» **Activity**:
The result should be the lines from the one holding "this 845×633 image." to the end of the records below, repeated exactly. No pictures.

[Collected data]
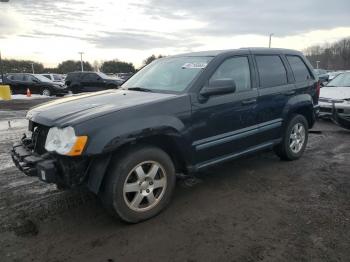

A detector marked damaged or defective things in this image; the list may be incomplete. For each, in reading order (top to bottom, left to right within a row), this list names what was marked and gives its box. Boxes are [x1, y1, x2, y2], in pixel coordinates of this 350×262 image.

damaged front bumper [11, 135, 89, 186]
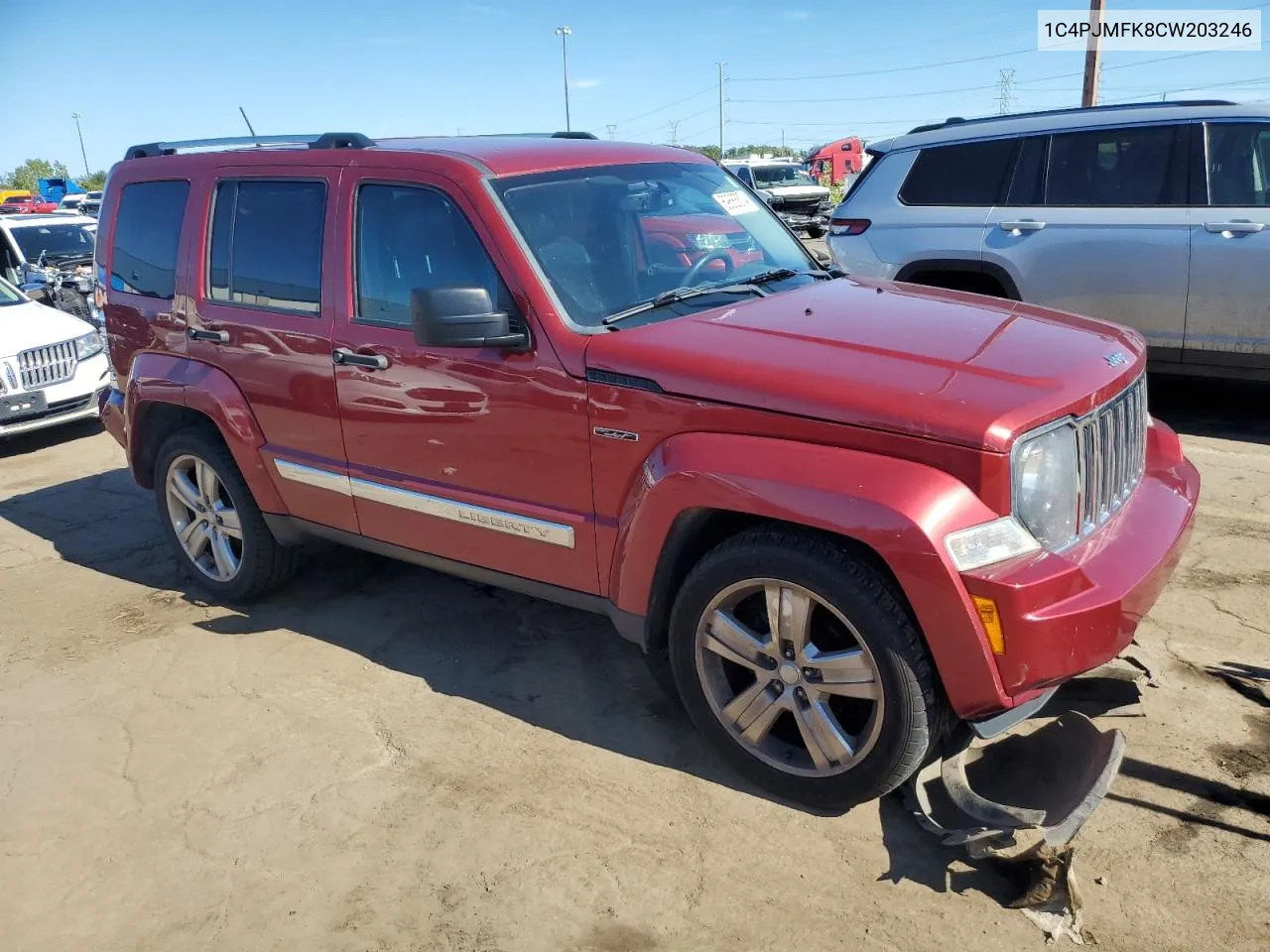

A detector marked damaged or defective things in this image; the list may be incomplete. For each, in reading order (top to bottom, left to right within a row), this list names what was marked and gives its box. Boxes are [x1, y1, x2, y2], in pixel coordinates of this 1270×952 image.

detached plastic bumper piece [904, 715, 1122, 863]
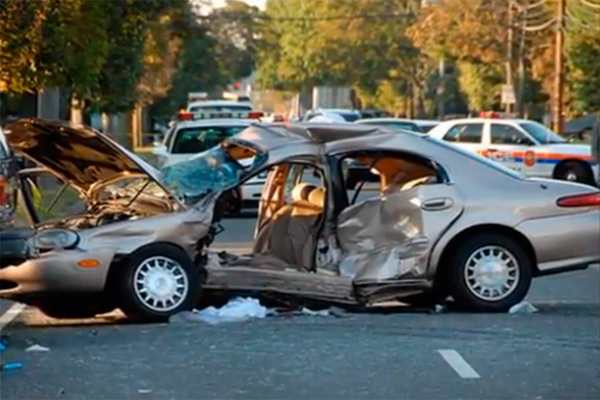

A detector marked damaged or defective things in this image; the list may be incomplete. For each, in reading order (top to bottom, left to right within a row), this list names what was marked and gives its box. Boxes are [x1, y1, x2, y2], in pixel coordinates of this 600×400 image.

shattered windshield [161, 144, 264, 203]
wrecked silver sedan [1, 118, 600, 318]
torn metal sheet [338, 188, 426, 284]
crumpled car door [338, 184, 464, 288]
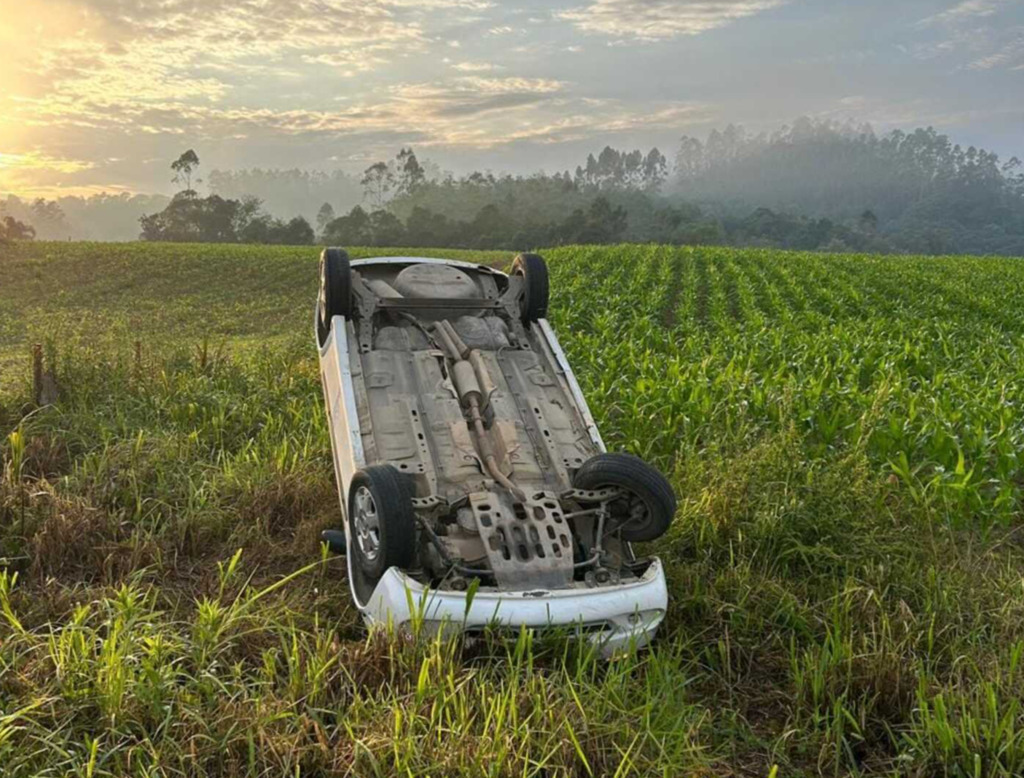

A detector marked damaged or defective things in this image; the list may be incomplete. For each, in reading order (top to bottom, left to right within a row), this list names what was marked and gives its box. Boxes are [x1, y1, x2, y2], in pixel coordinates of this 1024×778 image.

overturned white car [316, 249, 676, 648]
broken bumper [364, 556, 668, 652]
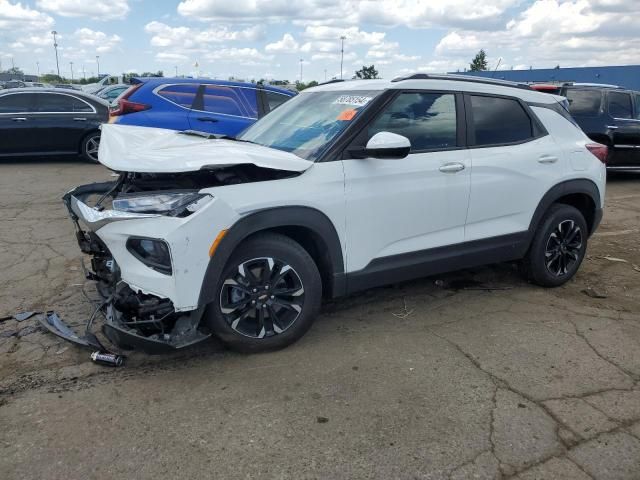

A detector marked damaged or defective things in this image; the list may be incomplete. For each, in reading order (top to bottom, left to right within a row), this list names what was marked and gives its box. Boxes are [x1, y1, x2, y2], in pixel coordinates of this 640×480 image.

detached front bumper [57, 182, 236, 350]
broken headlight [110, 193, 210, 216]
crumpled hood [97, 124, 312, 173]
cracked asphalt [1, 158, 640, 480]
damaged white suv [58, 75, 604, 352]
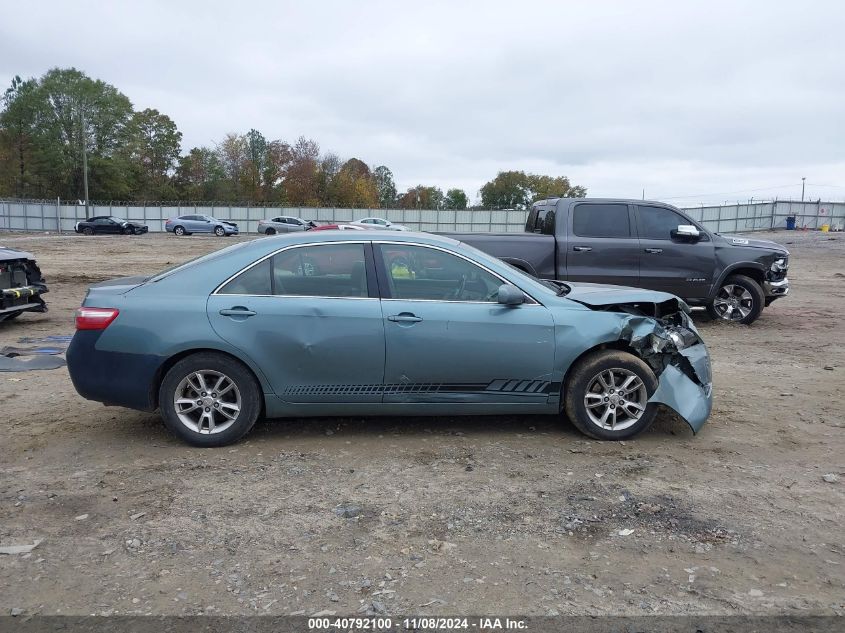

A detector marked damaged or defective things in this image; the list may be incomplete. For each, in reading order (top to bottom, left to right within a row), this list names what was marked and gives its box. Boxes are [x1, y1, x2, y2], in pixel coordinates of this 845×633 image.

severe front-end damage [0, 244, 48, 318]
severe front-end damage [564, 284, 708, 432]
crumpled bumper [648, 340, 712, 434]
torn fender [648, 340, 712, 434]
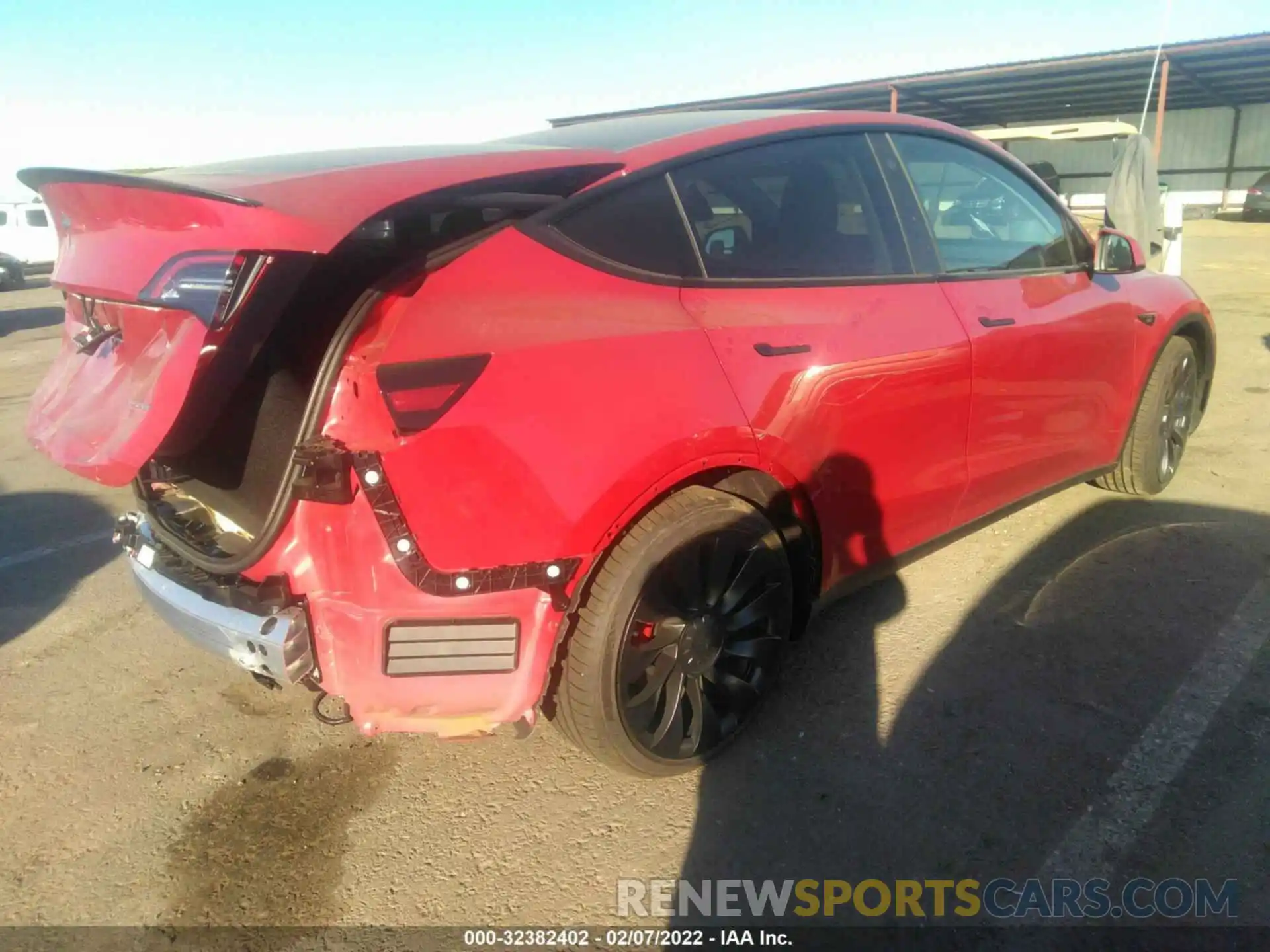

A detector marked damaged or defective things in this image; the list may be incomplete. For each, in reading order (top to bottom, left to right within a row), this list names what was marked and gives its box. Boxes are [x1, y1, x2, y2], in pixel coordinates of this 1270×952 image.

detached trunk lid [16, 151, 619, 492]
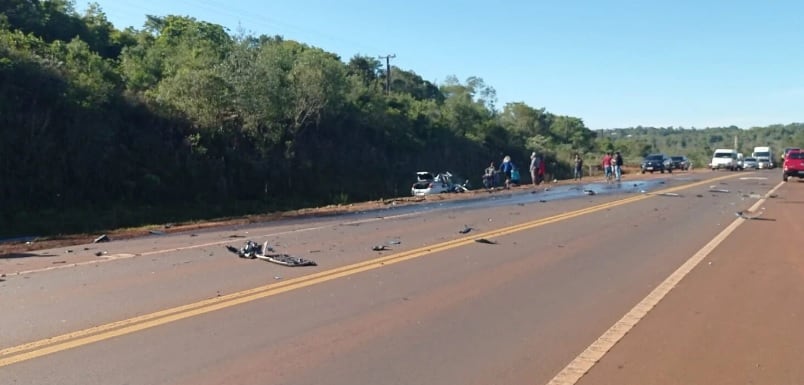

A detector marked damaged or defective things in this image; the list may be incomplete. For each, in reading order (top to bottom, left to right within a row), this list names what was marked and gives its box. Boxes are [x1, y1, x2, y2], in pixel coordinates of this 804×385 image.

» **Task output**:
A detector marked damaged or defective things in this image; the list may be incomplete. For each, in reading order (top to bottom, left to right within a row), this list names what was marked and gives its box. Boxes are [x1, y1, x2, y2], in pixel coordinates of this 845×633 image.

severe front-end damage [0, 244, 48, 318]
severe front-end damage [564, 284, 708, 432]
crumpled bumper [648, 340, 712, 434]
torn fender [648, 340, 712, 434]

A detector marked damaged or defective things in this image; the list may be incomplete. For each, in reading order (top to bottom, left to right within a row), this list names what was marked and gives its box. Boxes are [x1, y1, x2, y2], in pixel coordinates of this 1270×952 image.

detached trunk lid [16, 151, 619, 492]

A detector marked damaged or defective things in this image; the list may be incomplete. For each, in reading order (top to bottom, left to right within a row), this list names what was marked and gives its box. Boxes are [x1, y1, x2, y2], in pixel coordinates of this 804×385 image.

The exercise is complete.